I will begin with an apology: Profesora, you are one of the loves of my life, truly, but we cannot be together. The sex was great, (remember how much of the language we explored? ¡Oy!) pero at the end of the day I am a 20-year-old snake bitch who couldn’t list 20 Spanish words if you held a gun to my head (although your kind, soft hands would never do such a thing.)

How’d I get the job, you ask? Not by knowing Spanish, that’s for shit sure. So I banged my professor, filled out a job application, lied about everything (age, credentials, marital status, insurance), created a legitimately incomprehensible syllabus, and they hired me. 10 AM Spanish 101-1, here I come.

It’s the first day. I imply that they should drink before class because my partner in Spanish 101 last year told me that he shotguns before his math exams because one beer can “open your mind.” We review how to introduce yourself. I accidentally blow my own cover by saying “Me llamo Alexandra y tiene diecinueve años,” which is not only grammatically wrong, but factually wrong because I just turned veinti años and also wrong because I’m supposed to be at least like treinta años to have this job and I originally told them my name was Valeria. Whatever.

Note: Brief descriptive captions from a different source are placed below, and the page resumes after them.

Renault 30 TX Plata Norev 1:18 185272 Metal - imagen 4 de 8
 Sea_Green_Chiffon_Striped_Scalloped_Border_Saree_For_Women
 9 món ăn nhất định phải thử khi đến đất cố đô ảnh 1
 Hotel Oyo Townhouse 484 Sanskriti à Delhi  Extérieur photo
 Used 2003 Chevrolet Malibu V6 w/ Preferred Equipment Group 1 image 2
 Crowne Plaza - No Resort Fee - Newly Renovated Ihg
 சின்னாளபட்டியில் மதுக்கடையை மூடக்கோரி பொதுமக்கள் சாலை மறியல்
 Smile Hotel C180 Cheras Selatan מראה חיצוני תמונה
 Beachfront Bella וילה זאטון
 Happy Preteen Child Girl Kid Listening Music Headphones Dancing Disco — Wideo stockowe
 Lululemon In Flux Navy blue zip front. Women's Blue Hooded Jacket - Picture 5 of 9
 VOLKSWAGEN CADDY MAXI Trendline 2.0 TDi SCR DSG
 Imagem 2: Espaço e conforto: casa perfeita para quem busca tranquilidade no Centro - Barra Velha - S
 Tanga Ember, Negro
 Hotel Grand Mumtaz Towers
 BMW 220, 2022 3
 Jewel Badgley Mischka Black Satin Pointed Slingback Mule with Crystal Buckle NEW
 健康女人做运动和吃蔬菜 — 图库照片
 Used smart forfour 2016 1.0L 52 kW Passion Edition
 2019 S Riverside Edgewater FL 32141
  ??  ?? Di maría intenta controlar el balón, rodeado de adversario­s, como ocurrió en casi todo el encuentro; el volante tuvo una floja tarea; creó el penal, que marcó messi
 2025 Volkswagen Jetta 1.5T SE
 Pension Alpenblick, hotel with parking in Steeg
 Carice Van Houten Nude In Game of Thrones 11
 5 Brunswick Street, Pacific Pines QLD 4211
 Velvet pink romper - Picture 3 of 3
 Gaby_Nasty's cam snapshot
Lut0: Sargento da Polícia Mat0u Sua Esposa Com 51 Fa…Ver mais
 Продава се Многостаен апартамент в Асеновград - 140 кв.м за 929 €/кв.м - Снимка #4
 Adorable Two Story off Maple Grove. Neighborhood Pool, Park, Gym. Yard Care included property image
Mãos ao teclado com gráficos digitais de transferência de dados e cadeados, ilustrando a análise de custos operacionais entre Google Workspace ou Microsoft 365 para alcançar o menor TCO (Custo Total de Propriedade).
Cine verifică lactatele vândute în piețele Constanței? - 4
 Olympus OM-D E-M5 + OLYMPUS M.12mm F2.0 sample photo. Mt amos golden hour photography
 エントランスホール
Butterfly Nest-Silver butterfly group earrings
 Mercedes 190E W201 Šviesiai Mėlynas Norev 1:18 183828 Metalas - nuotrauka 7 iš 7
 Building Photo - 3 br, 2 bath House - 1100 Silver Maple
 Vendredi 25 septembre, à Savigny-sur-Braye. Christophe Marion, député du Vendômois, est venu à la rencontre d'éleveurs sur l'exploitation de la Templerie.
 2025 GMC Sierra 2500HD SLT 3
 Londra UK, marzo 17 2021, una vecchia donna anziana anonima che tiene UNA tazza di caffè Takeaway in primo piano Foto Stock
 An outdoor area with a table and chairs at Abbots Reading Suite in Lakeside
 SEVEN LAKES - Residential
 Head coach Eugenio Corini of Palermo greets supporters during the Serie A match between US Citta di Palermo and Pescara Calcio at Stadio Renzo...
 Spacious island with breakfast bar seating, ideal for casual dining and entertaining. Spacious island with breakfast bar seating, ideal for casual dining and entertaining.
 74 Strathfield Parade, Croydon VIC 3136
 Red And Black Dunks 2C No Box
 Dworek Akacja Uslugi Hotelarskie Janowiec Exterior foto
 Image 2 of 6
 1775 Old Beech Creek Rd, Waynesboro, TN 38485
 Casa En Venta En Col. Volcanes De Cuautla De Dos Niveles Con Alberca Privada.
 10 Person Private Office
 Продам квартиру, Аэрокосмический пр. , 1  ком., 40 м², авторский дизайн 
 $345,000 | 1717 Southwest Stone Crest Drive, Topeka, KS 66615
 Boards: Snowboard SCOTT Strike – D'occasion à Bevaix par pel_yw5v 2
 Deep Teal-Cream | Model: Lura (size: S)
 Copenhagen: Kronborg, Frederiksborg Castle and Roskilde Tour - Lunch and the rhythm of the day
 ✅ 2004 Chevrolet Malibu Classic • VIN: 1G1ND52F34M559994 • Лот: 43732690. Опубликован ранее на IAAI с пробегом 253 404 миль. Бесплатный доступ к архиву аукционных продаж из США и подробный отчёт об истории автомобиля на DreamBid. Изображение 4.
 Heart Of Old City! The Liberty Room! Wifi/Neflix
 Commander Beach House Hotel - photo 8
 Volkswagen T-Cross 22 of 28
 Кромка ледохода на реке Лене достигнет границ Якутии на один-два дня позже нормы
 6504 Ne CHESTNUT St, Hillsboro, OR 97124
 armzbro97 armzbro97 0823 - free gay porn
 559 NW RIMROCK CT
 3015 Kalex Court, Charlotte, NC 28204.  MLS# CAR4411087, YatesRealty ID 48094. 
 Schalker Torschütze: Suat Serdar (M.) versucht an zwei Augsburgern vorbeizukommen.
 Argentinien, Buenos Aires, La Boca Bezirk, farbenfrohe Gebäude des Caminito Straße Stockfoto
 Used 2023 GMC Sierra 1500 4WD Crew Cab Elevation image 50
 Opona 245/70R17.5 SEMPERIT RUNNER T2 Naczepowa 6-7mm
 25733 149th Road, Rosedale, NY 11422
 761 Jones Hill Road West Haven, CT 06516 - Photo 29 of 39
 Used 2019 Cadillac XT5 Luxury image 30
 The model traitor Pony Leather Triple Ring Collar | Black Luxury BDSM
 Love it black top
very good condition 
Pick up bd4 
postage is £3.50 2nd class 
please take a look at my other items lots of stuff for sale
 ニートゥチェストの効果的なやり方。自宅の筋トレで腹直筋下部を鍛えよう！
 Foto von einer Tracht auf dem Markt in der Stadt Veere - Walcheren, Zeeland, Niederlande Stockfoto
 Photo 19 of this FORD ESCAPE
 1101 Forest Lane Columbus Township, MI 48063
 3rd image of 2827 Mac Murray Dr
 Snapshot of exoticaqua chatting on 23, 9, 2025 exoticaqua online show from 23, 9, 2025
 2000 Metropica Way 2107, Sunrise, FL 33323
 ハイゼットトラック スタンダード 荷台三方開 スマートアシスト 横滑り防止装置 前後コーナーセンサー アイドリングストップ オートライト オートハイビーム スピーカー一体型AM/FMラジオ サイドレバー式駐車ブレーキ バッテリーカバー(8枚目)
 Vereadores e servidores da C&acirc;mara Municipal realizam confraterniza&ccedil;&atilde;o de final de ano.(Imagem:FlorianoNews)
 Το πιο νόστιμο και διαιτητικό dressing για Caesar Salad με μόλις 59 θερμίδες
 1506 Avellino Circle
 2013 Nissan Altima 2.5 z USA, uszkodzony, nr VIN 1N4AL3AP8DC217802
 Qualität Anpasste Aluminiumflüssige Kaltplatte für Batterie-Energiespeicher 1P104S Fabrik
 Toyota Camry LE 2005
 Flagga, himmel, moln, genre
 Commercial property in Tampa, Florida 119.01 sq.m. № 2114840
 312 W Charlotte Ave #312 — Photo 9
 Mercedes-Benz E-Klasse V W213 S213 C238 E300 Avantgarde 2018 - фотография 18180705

Long story short, I failed like 3 kids to prove a point and gave the rest A’s. I learned some Spanish by the hardo nerds correcting me all the time. They definitely knew that I was an absolute imposter, but most of my students were cool with it because I played Lil Yachty during office hours and I gave the cool ones extra credit. In the end, I got ass, an understanding of basic Spanish, and a few friends!